# Ordinary Least Squares

## Theory

The simple linear regression model can be written as follows

$$
y_t = \beta_0 + \beta_1 x_{t,1} + \beta_2 x_{t,2} + ... + \beta_p x_{t,k} + u_t
$$
or in vector form:
$$
\mathbf{y} = \mathbf{X}\mathbf{\beta} + \mathbf{u}
$$

where $\mathbf{y}$ and $\mathbf{u}$ are $T \times 1$ vectors containing the dependent variables and the errors of the $T$ observations, and $\mathbf{X}$ is an $T \times K$ matrix of independent variables.

$$
{\displaystyle \mathbf {X} ={\begin{bmatrix}X_{11}&X_{12}&\cdots &X_{1K}\\X_{21}&X_{22}&\cdots &X_{2K}\\\vdots &\vdots &\ddots &\vdots \\X_{T1}&X_{T2}&\cdots &X_{TK}\end{bmatrix}},\qquad {\boldsymbol {\beta }}={\begin{bmatrix}\beta _{1}\\\beta _{2}\\\vdots \\\beta _{K}\end{bmatrix}},\qquad \mathbf {y} ={\begin{bmatrix}y_{1}\\y_{2}\\\vdots \\y_{T}\end{bmatrix}}.}
$$


The OLS estimate minimizes the residual sum of squares (RSS):
$$
RSS = \sum_{t=1}^T (y_t - x_t'\beta)^2
$$

Hence, assuming that $(X'X)$ is non-singular (i.e. invertible), the OLS estimate is given by
$$
b = (X'X)^{-1}X'y
$$

From here, we can obtain our predicted values for the dependent variable $\hat{y}$ as
$$
\hat{y} = y - Xb
$$

and the OLS sample residuals
$$
\hat{u} = y - \hat{y} = y - Xb 
$$

To get the standard deviation for our estimator $b_j$, we use the formula
$$
\hat{\sigma_{b_j}} = \hat{\sigma} \sqrt{[(X'X)^{-1}]_{jj}} 
$$
where $jj$ indicates the $j^{th}$ diagonal element of the matrix.
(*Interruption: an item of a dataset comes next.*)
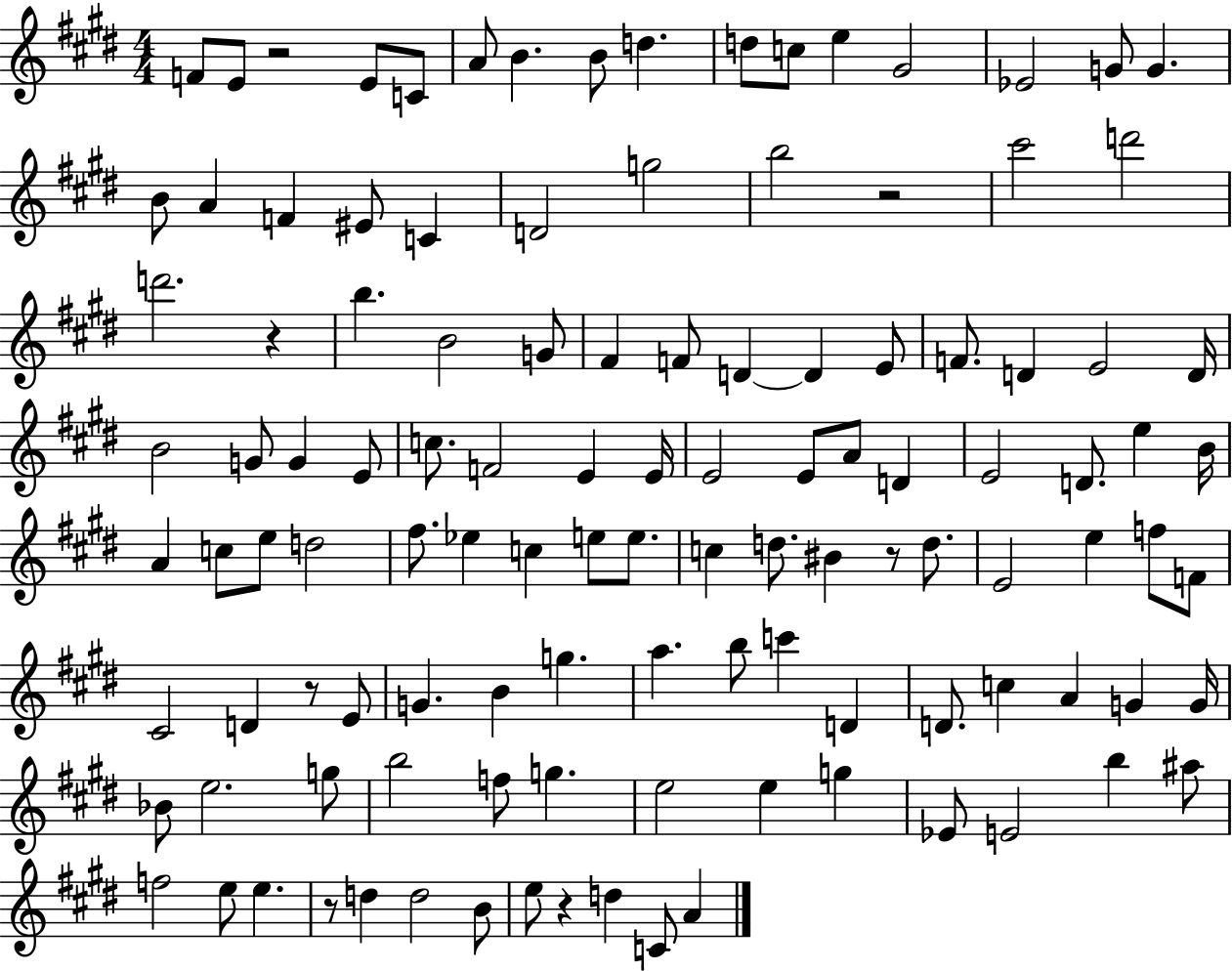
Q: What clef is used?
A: treble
Using the full matrix gives us our variance covariance matrix.

The variance of the residuals is given by
$$
\hat{\sigma}^2 = \frac{1}{T-K} \hat{u}'\hat{u}
$$

Using those estimated parameters, we can perform a simple test for $H_0: \beta_j = 0$ using the t-statistic
$$
t = \frac{b_j}{\hat{\sigma_{b_j}}}
$$
and calculate the p-value using the t-distribution with $T-K$ degrees of freedom.
Remember that if the p-value is smaller than the significance level, we reject the null hypothesis.

## Coding OLS using Numpy

In [None]:
import numpy as np

When coding the OLS estimation, the key formula you want to implement is 
$$
b = (X'X)^{-1}X'y
$$

To do this, remember the following methods from Numpy:
- `np.linalg.inv()` to calculate the inverse of a matrix
- `np.dot()` or `@` to perform matrix multiplication
- `np.transpose()` or `.T` to transpose a matrix


In [None]:
# Lets first generate some data to run the regression on
x = np.arange(1000, dtype=float) # Generate 100 data points from 0 to 99

# Specify the relationship between x and y
y = 2 * x + 3

# Add some noise to the data
np.random.seed(0) # Always use the same seed for reproducibility
noise = np.random.normal(0, 100, x.shape)
y += noise

# Add a column of ones to x to account for the intercept in the linear regression
X = np.column_stack((np.ones(x.shape[0]), x)) # Add a column of ones to x

Code the OLS estimator using the generated data from the previous cell:

In [None]:
# Calculate the coefficients
b_hat = 

Now test the statistical significance of the coefficients using the t-statistic. 

In [None]:
# Calculate the residuals
u_hat = 

# Calculate the variance of the residuals

sigma2_hat = 

# Calculate the t-statistics for the coefficients
t_stat = 


To calculate the p-value, you can use the `scipy.stats` library extract values from the CDF of the t-distribution.

In [None]:
import scipy.stats as stats

# Calculate the p-values for the t-statistics
p_values = 2 * (1 - stats.t.cdf(np.abs(t_stat), df=T - K)) # Two-tailed test

print("p-values:", p_values)

## Writing a function to calculate OLS estimates


Write a function `OLS(X, y)` that takes in the independent variables and dependent variable and returns the OLS estimates, standard errors, t-statistics, and p-values for each coefficient. The function should also return the variance-covariance matrix of the estimates.

In [None]:
def OLS(X,y):

    return coefficients, standard_errors, t_stats, p_values

In [None]:
coefficients, standard_errors, t_stats, p_values = OLS(X,y)
print("Coefficients from OLS function:", coefficients)
print("t-statistics from OLS function:", t_stats)
print("p-values from OLS function:", p_values)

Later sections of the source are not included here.